**TRY IT**
From the data below, return only the lines from the one with "Let's talk about" through the one with "Finally, press Accept.", exact and inclusive, with pictures left out.

**EXCERPTED DATA**
-- Opening Marker --

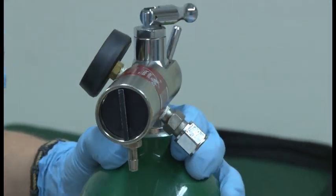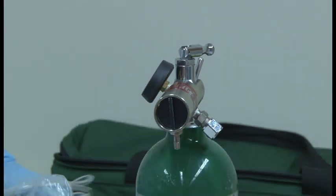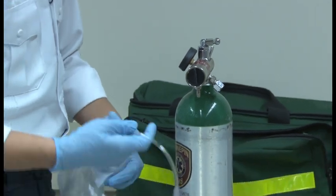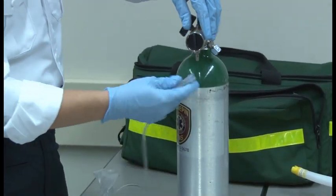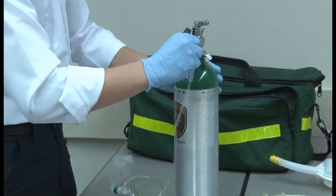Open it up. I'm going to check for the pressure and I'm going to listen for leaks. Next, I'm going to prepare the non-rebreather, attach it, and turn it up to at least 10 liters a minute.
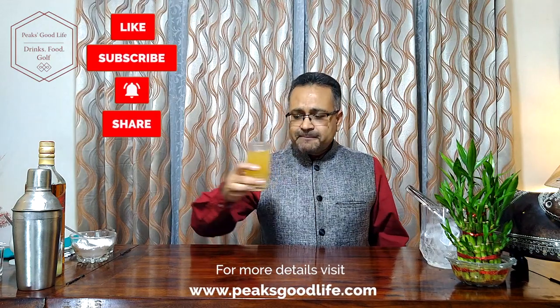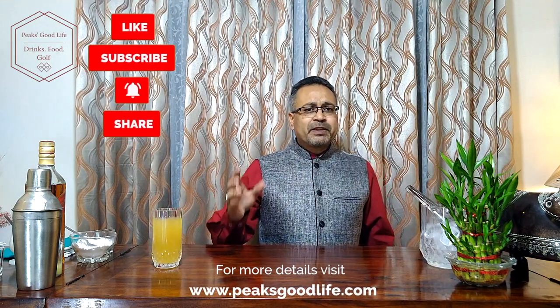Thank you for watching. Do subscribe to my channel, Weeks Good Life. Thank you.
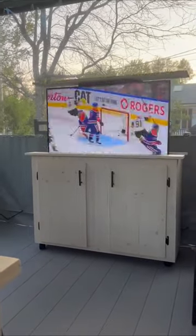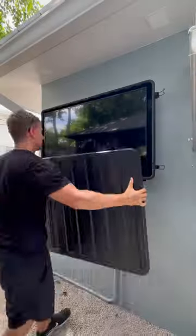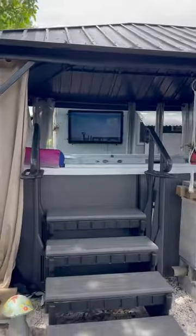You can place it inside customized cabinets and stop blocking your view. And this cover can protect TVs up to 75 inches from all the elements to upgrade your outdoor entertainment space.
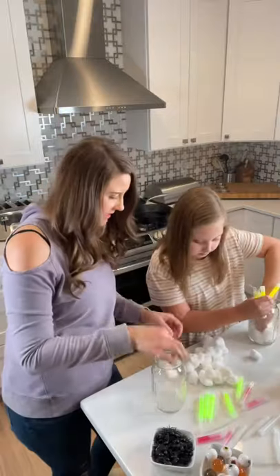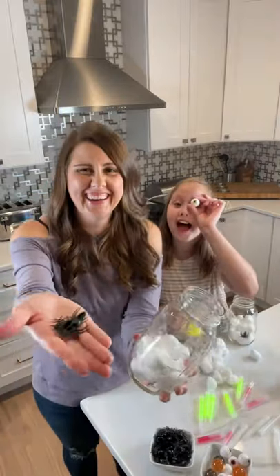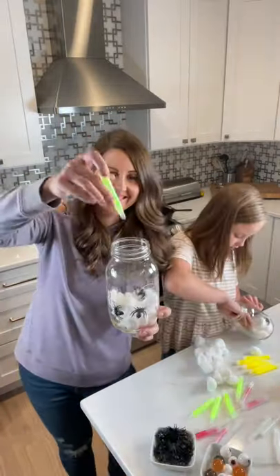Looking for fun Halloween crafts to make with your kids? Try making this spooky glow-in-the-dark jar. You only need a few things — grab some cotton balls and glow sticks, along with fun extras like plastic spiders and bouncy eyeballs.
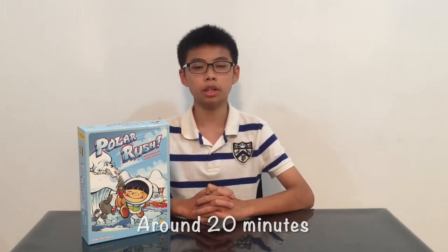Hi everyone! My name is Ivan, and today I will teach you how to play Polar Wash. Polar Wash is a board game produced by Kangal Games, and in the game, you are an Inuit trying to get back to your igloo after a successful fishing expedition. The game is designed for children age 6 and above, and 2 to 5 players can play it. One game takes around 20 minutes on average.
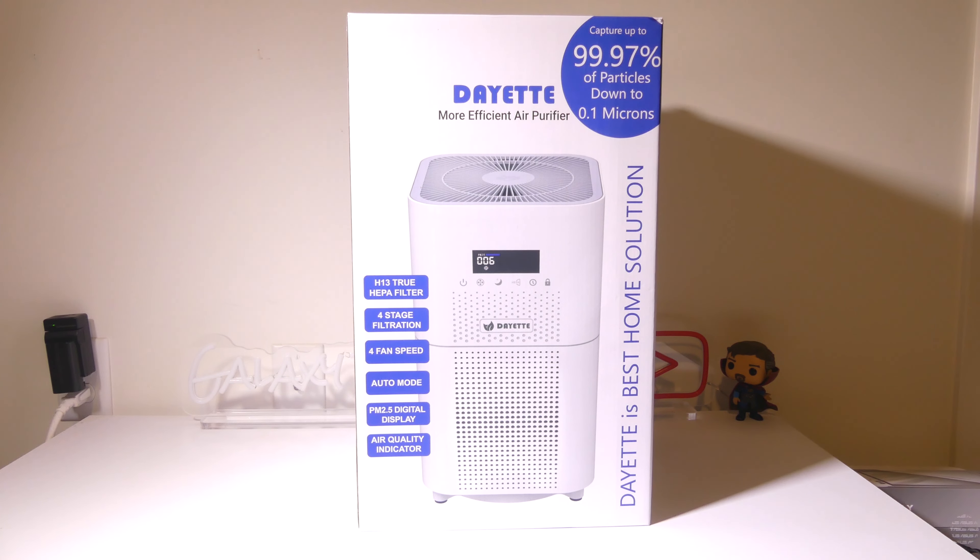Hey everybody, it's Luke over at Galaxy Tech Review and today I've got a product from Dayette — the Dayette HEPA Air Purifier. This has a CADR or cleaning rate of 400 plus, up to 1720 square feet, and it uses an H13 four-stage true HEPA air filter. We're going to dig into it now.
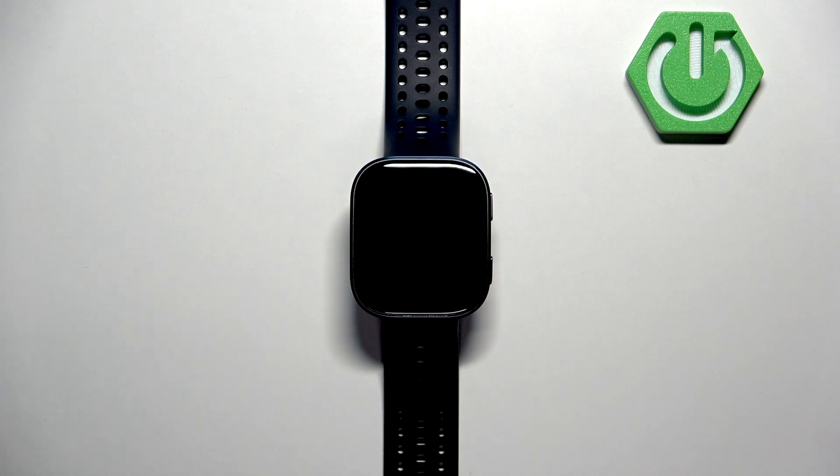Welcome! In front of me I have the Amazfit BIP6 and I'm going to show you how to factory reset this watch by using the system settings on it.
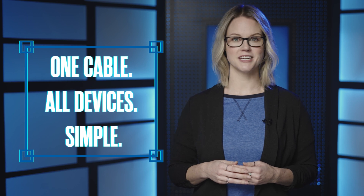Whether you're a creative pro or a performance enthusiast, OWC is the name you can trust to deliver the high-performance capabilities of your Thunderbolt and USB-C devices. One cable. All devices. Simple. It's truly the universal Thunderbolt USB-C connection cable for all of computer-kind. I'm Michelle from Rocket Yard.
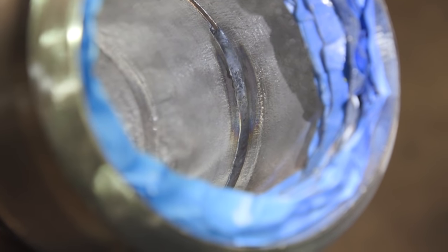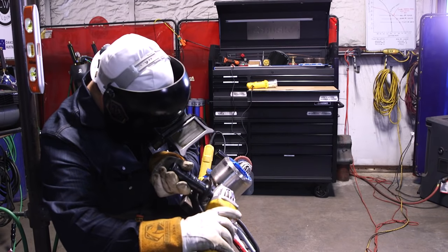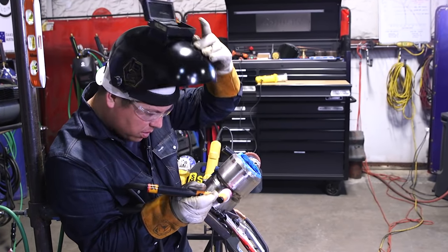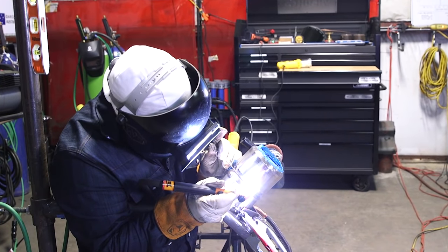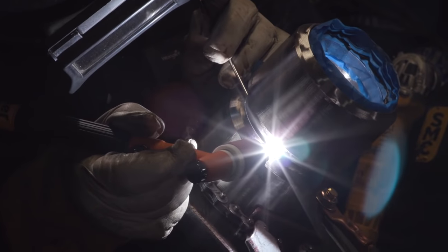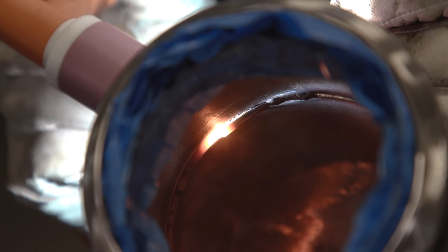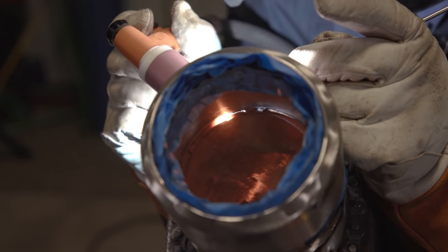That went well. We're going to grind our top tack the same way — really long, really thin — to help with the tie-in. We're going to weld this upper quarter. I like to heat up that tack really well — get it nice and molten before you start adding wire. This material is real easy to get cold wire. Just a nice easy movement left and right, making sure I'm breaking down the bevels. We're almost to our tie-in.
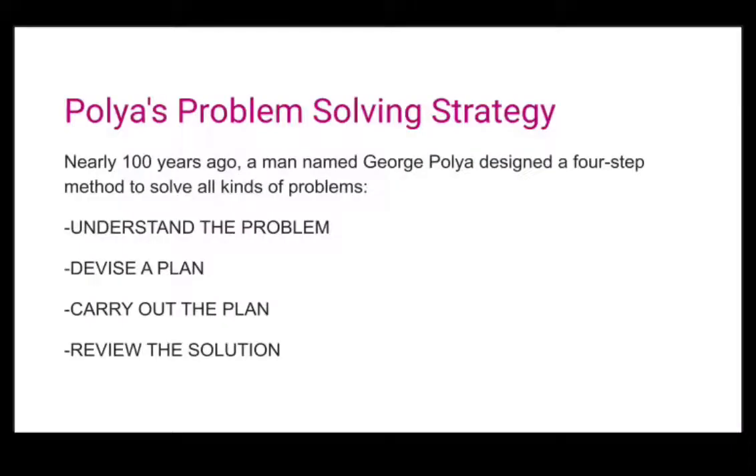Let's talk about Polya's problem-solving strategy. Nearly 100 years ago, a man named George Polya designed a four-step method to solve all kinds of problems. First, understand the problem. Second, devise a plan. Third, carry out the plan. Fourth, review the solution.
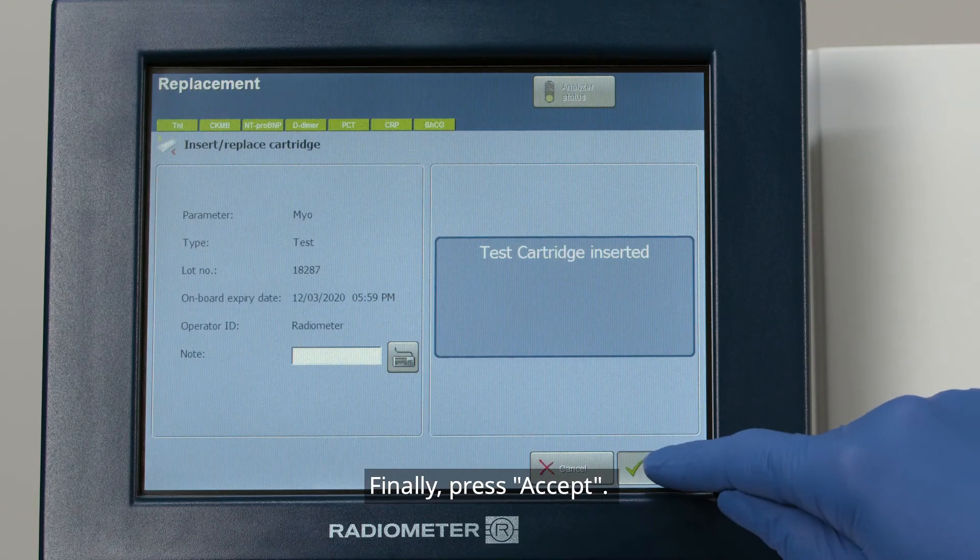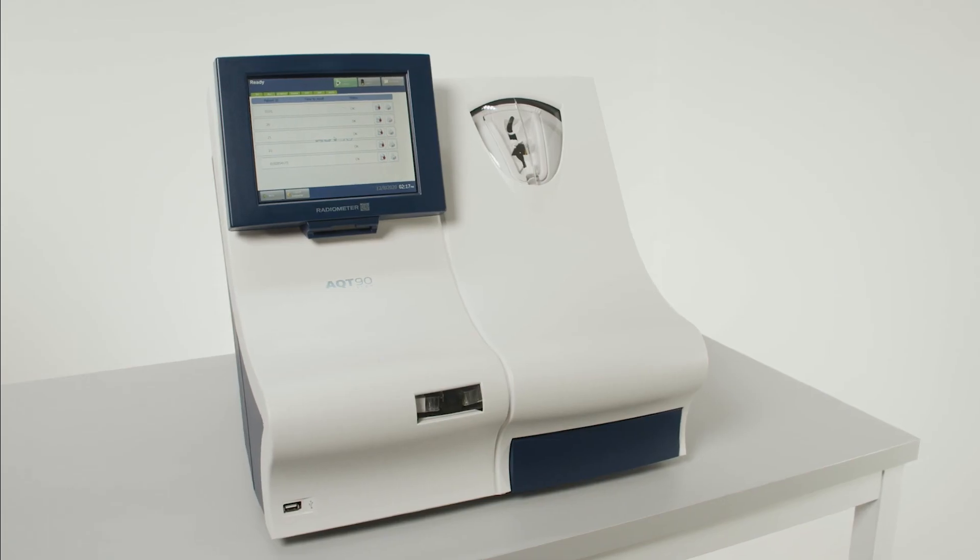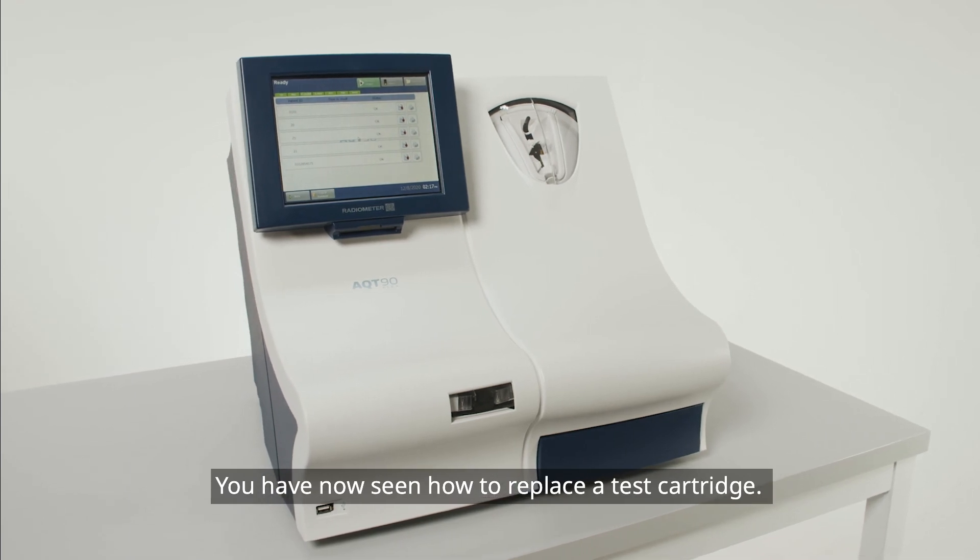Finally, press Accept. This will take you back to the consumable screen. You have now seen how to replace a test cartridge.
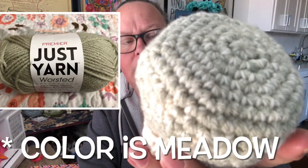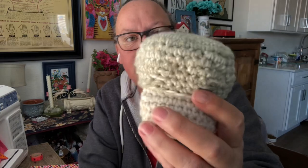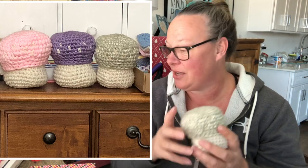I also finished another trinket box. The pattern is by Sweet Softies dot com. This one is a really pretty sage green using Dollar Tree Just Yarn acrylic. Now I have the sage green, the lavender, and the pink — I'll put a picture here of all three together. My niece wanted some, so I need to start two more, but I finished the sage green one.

-- Closing Marker --

**FINISHED EXERCISE**
Let's talk about Polya's problem-solving strategy. Nearly 100 years ago, a man named George Polya designed a four-step method to solve all kinds of problems. First, understand the problem. Second, devise a plan. Third, carry out the plan. Fourth, review the solution.
Finally, press Accept. This will take you back to the consumable screen. You have now seen how to replace a test cartridge.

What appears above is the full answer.